The Endeavor Emergency Squad is Burlington County’s busiest
Emergency Medical Services (EMS) agency, and the number of
requests that we received for emergency medical and rescue
services continues to climb.

Our services include:

  • public education first aid and CPR training, and
  • event medical staffing to the Burlington communities.

All of our activities utilitze both volunteers and employees, who
proudly serve their communities every day.

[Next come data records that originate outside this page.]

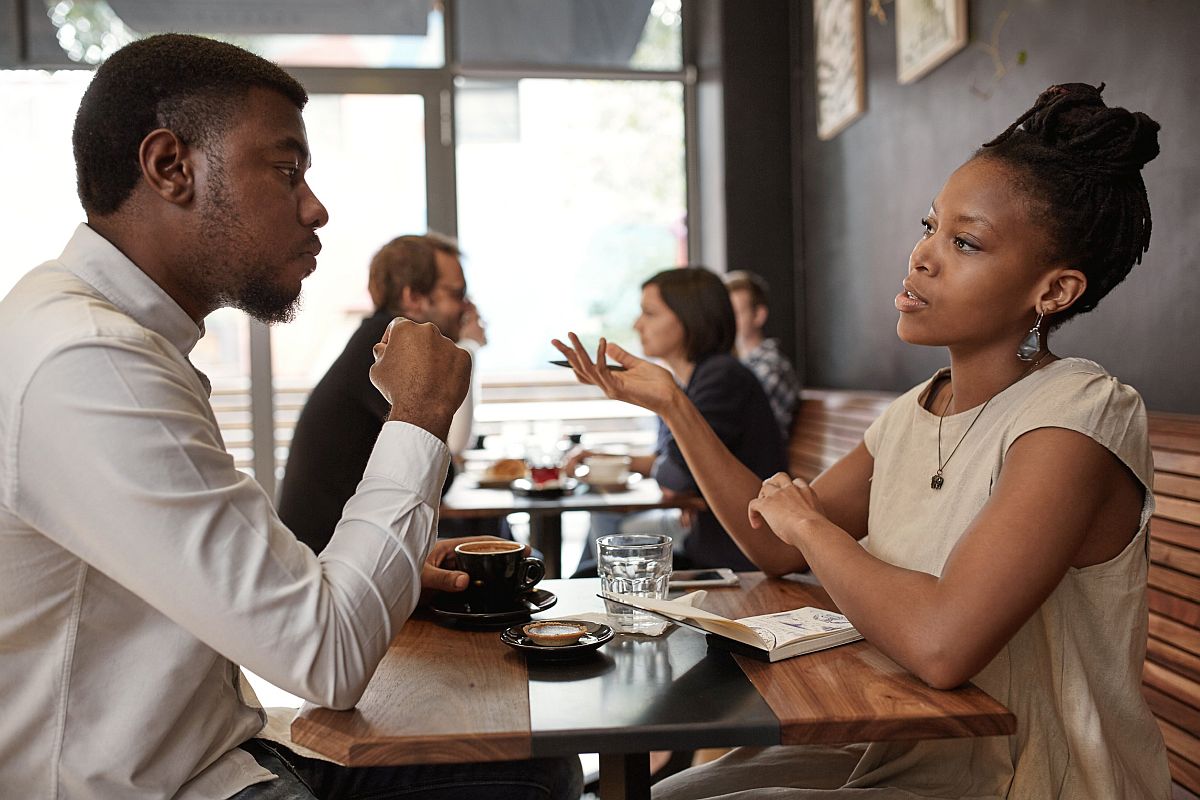 Man and woman having a conversation in a restaurant; union dues concept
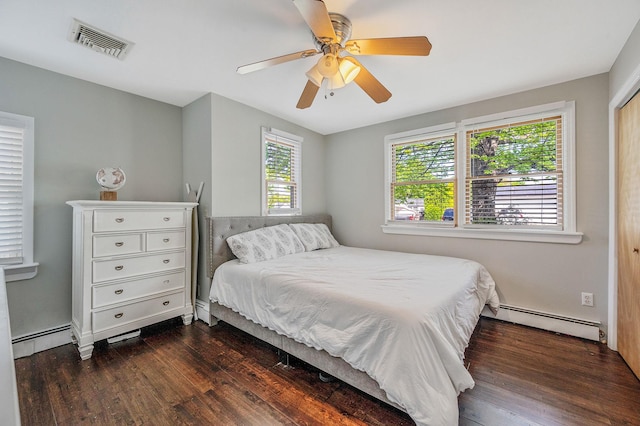 bedroom featuring a baseboard radiator, dark wood-type flooring, and a ceiling fan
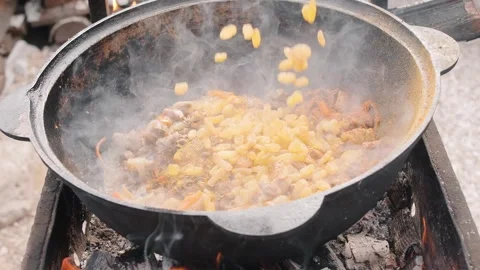 Man flavoring rice mixed with meat and vegetables in bowl Video stock 248044488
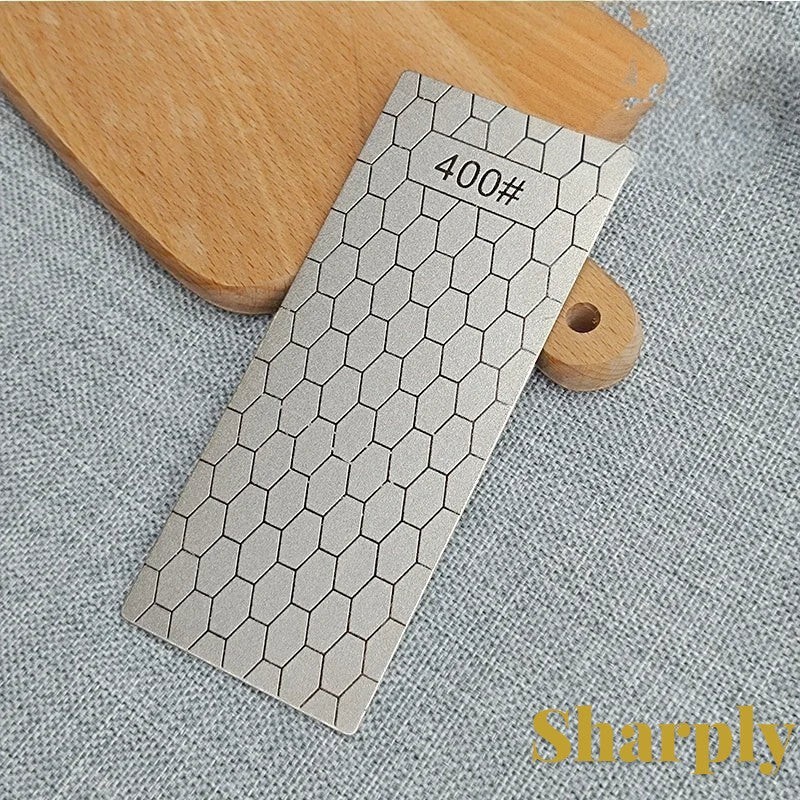 Gr8est diamond knife sharpening stone with a 400 grit hexagonal pattern surface on a wooden board.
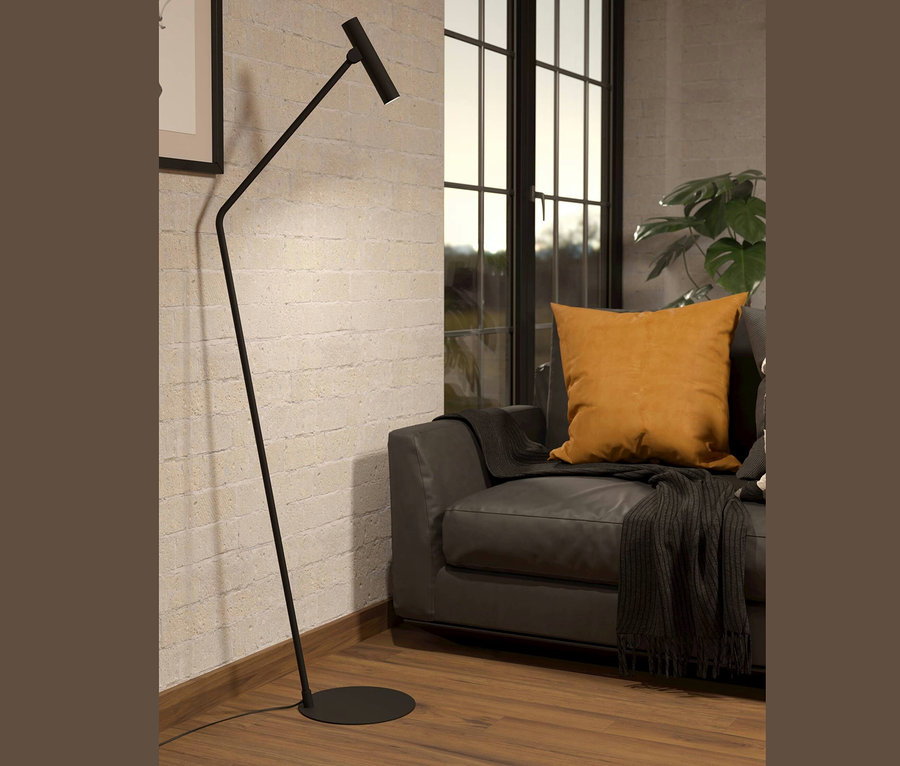 Eine schwarze Eglo Stehlampe »Almudaina« steht neben einem grauen Sofa mit senfgelbem Kissen.
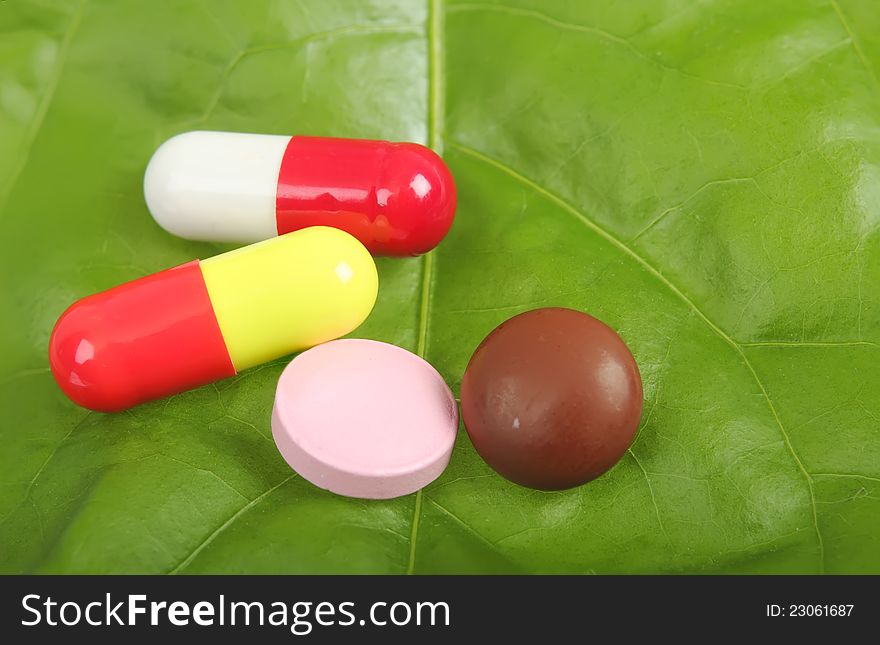 Capsules of a vegetative medical product on green sheet. Capsules of a vegetative medical product on green sheet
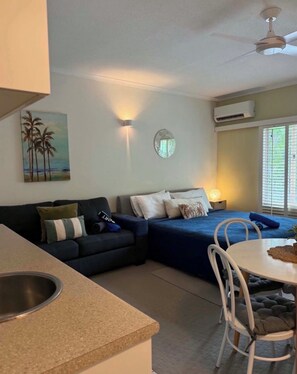 A compact living space with a kitchenette, a dining area, a bed with a blue bedspread, a wall-mounted air conditioner, and a painting of palm trees.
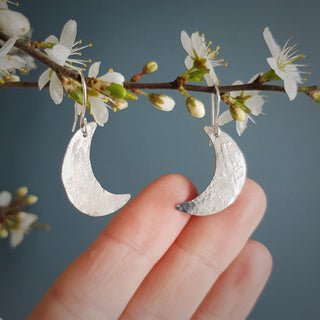 Shimmering silver earrings in dainty crescent moon design. 'Gossamer Demi Lune' ethical hand beaten stainless steel earrings by Nic Danning Jewellery.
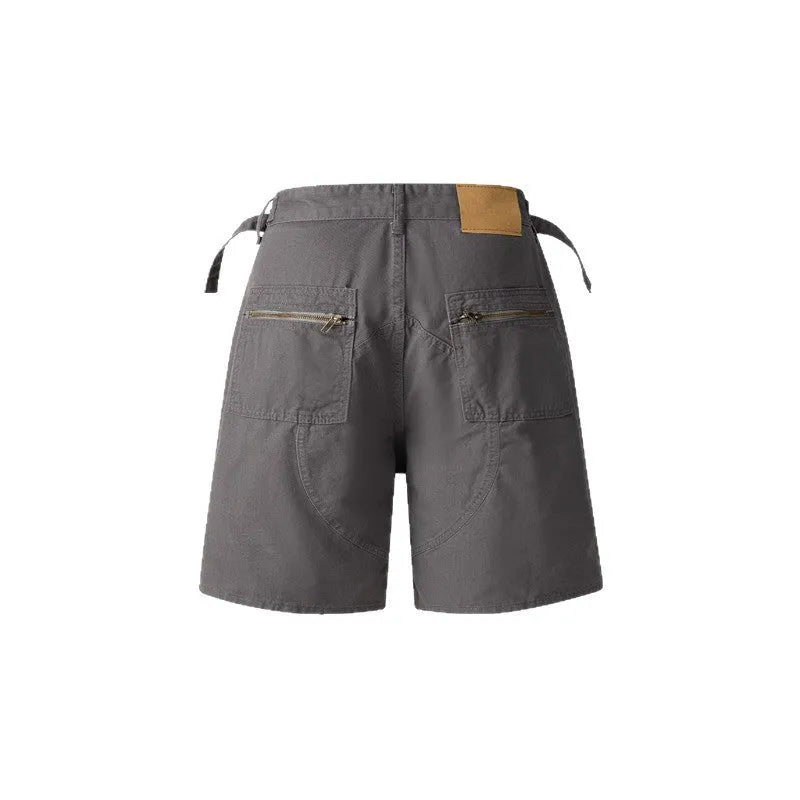 Retro loose-fit washed cotton shorts in camouflage with a zipper pocket.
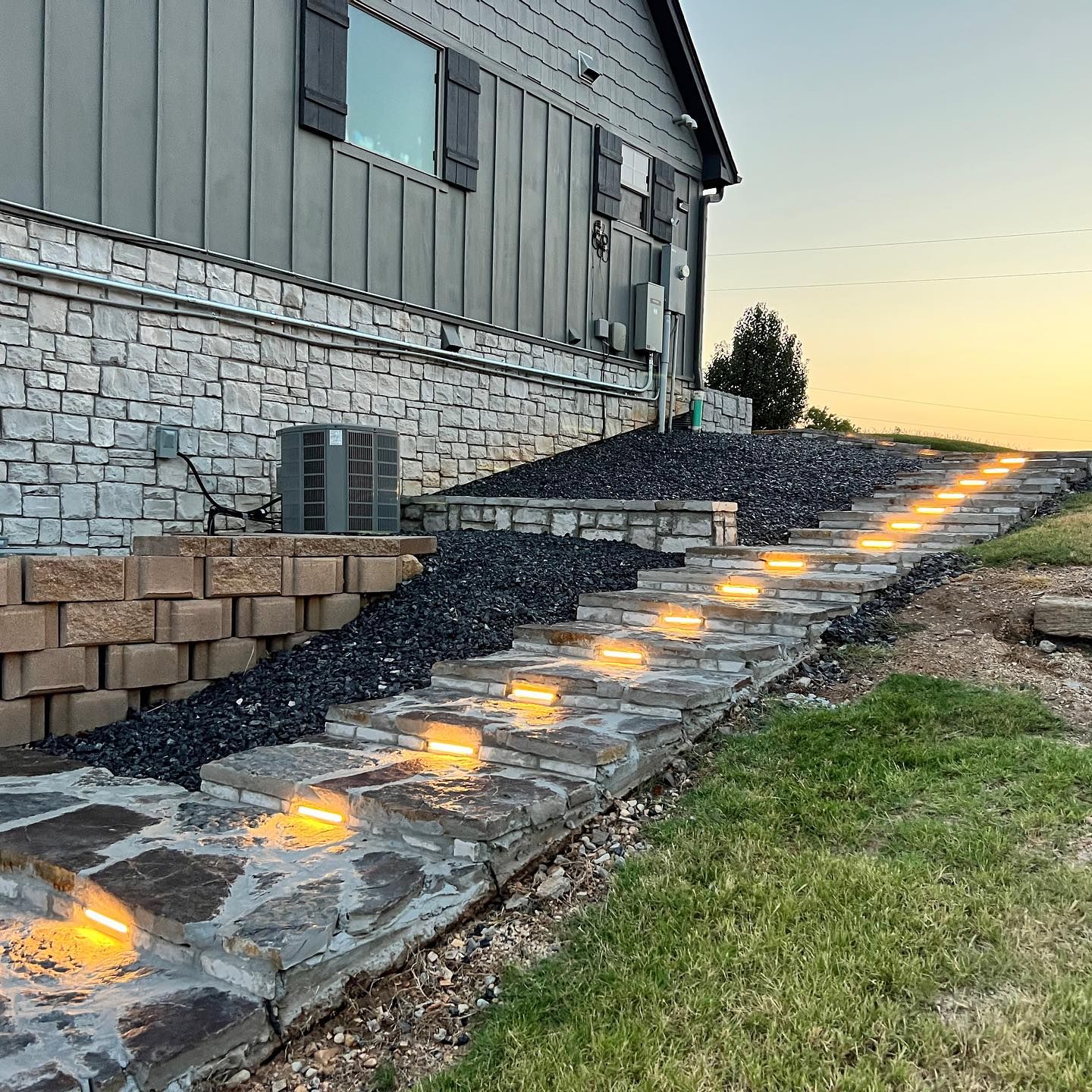 A stone walkway with lights on the side of a house.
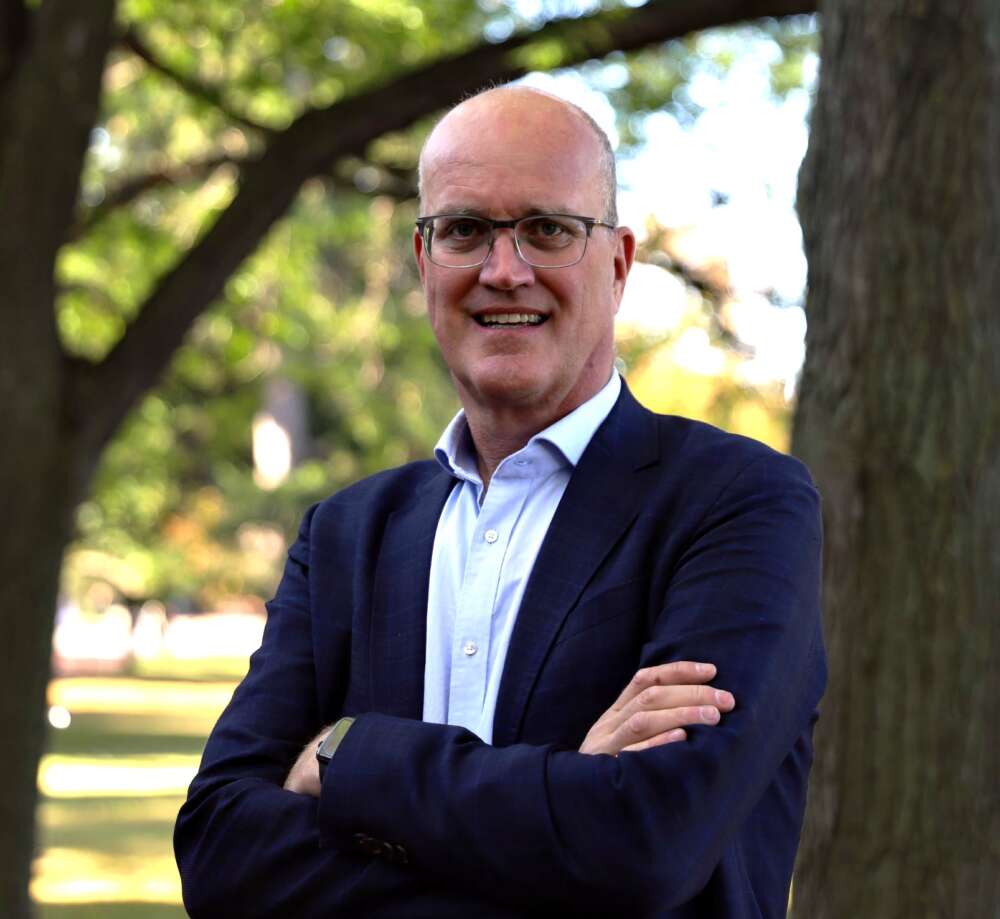 Dr. Michael von Massow poses for a portrait outside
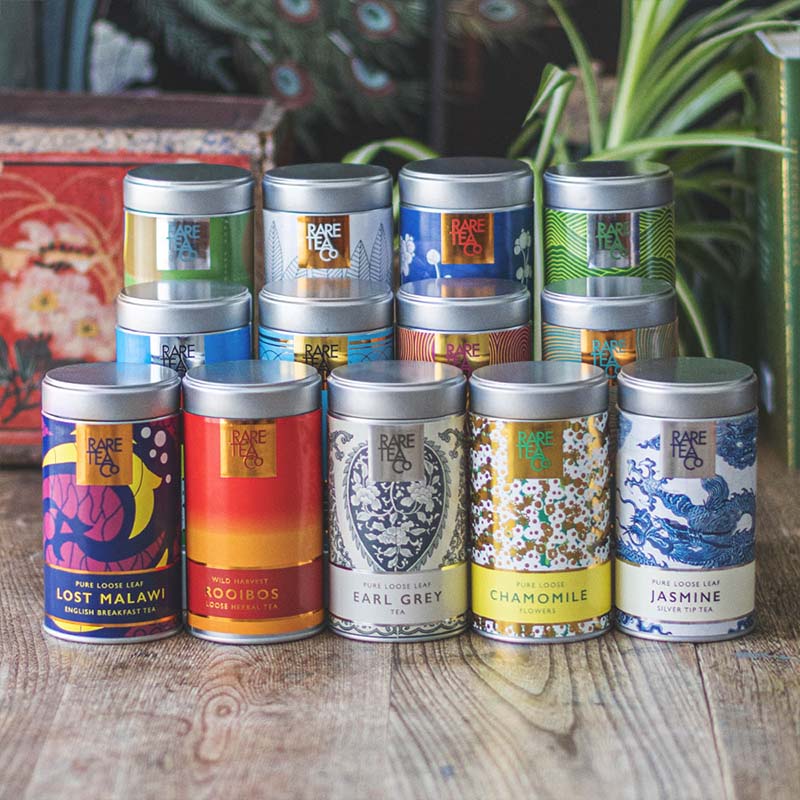 Collection of colourful Rare Tea Company tea tins on a wooden surface with plants in the background.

Emergency Medical Services (EMS)

EMS are the personnel, vehicles, and equipment that respond to
aid a sick or injured individual, or group of individuals in order to
render emergency medical care and transportation to the
appropriate local hospital.

Rescue Services

Rescue Services are the personnel, vehicles and equipment that
responds in order to aid the EMS personnel in gaining access to
an ill or injured individual, or group of individuals. Examples of
these services include using our “Jaws of Life” to free a patient
trapped inside of a car involved in an accident, or using our Dive
Rescue (SCUBA) Team to locate and retrieve a patient who has
gone missing in a lake or river.

Training

The Endeavor Emergency Squad staff all of our ambulances with
at least two certified Emergency Medical Technicians (EMTs).
These EMTs have successfully completed a 110+ hour training
program designed by the National Highway Traffic Safety
Administration, that provides them with the knowledge to treat
and stabilize life-threatening injuries, so that the patient can be
transported to an appropriate medical facility.

Volunteer

The Endeavor Emergency Squad is always looking for volunteers.
Anyone who is at least sixteen years old is welcome to apply as a
volunteer. We provide all of the necessary training. If you are
interested, please contact us at TEL. 609-386-8899 for a complete
list of membership requirements.

Funding

Our primary source of funding is from the fees charged our patients (typically, to their health insurance) for providing them with medical
care and transportation by ambulance. However, this fee for service
provides less than 65 percent of our annual operating costs. The
remaining 35 percent comes from other sources, such as
governmental grants and allocations, and corporate and private
donations.

Equipment roster of the Endeavor Emergency Squad
includes:

  • 2001 AEV Trauma Hawk emergency vehicle
  • 1998 Emergency One emergency vehicle
  • 2001 AEV Trauma Hawk emergency vehicle
  • 1998 Emergency One emergency vehicle
  • 1989 Pierce Rescue/Light truck
  • 2009 Ford Expedition Chief's Truck

 

Mitchell Fire Company #3 

Federal and Mitchell Streets PO Box 668
Burlington NJ 08016
609-386-0433

IN CASE OF EMERGENCY: CALL 911

In 1870s Burlington, Federal Street was home to many shoemakers
and shoe factories. Feeling the need for fire protection, they
accepted a hose carriage as a gift from the Young America Fire
Company, and housed it in a blacksmith’s shop, but did not
organize an official fire company. In 1874, though, a fire struck the
home and shop of a grocer, and though the shoemakers brought
their hose carriage into action, the City's water system pressure was
not sufficient to extinguish the flames.

The shoemakers decided that an organized fire company would
be in their best interest, and formed the Mitchell Fire Company.
Initially, the “Shoemaker’s Company”, as it was called, had only
hand-pumped Franklin engines, but steam-powered LaFrance
pumping engines were later brought into service. Mitchell’s original firehouse, built in 1875 and used for more than 100 years, still
stands at the corner of Lawrence and Federal Streets, but the
company is now located in more modern quarters at Mitchell and
Federal Streets.

The Mitchell Ladies Auxiliary, founded in 1923 with a
membership of 15, is the oldest auxiliary in the City. During the
floods of 1955, the auxiliary provided food and beverages to all
the City's firemen for four consecutive days and nights, earning a commendation from the Red Cross.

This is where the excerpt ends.